26/04/2019 – Martin Auerbach’s column — auf Deutsch lesen
“Me first” – losing the ability to shift one’s perspective
Putting yourself in the other person’s shoes? For many people, it seems to be a lost art. And yet it is crucial to mutual understanding.
Trying to understand the opposite
We’ve all seen it: a heated discussion on a controversial subject between two individuals, both of them trying to defend their positions with as many arguments as possible. In the end, both sides remain frustrated because they each stuck rigidly to their positions and couldn’t understand why the other wasn’t moved by the overwhelming force of their argument. And yet it would be relatively easy to find out what was important to the other side, if each would only listen to what the other had to say; to understand more about the other’s world, they need only ask why such and such a point is important to them. Bad experiences, fear and anxiety can be a significant factor in the other person’s initially incomprehensible attitudes, but moral and ethical positions are also often lurking unrecognised in the background. If I know what drives or motivates the other person, I can put myself in their shoes, grasp their behaviour or attitude and ideally accept it, or at least take it into account in seeking a solution.
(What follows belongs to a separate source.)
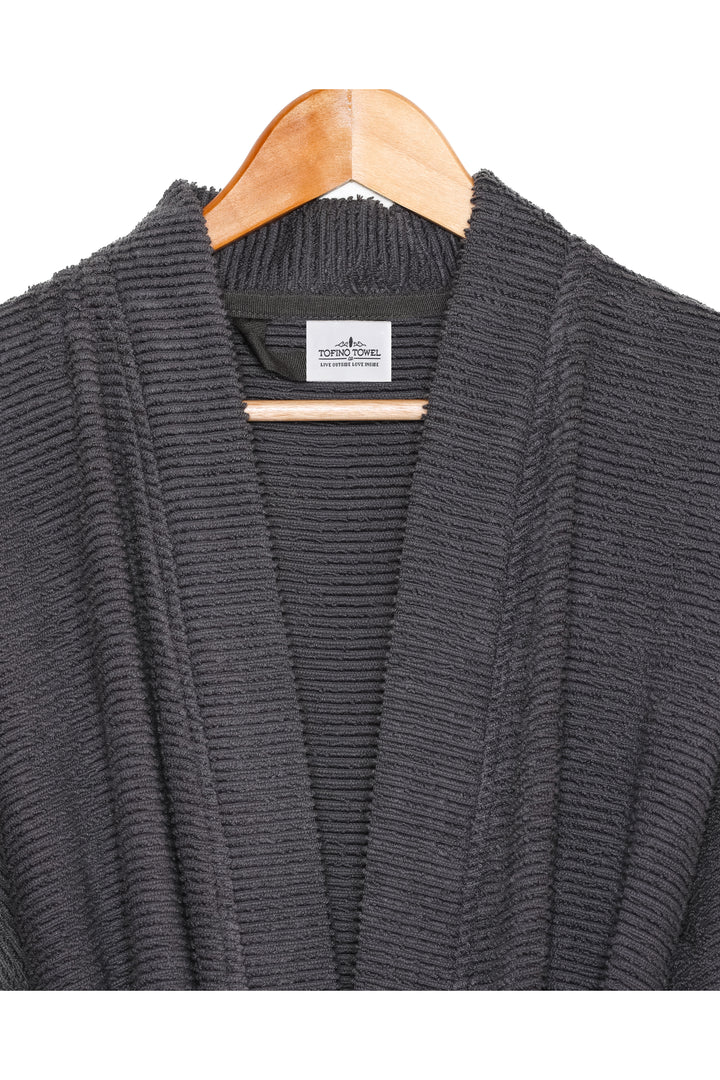 dark grey cotton terry spa robe on a hanger against a white background #colour_charcoal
Shifting one’s perspective is enormously helpful in everyday disagreements
In doing so, a person can gain a significant advantage, in my opinion, over a rigid opponent who is fixated on himself and his own arguments. Simply asking the other party, “Please just put yourself in my position,” can also open them up to a different point of view.
This ability to change perspective, however, seems to have disappeared in many of our fellow human beings. My favourite example can be observed any day of the week at any German grocery discount chain. There’ll always be at least one driver parked directly in front of the entrance – in the very place where there is absolutely no space for a car – despite the availability of empty parking spaces. How much energy does it take for the errant driver to edit from view the overwhelming number of properly parked vehicles and the free parking spaces, and to stick rigidly to his or her own, admittedly comfortable but with regard to other people quite inconsiderate, point of view?
It’s all a matter of perspective, said the driver as he drove down the motorway in the wrong direction. Hearing several radio warnings of a car heading into oncoming traffic, he called the police in a rage to put them right: “What do you mean, one car? There are thousands of them!”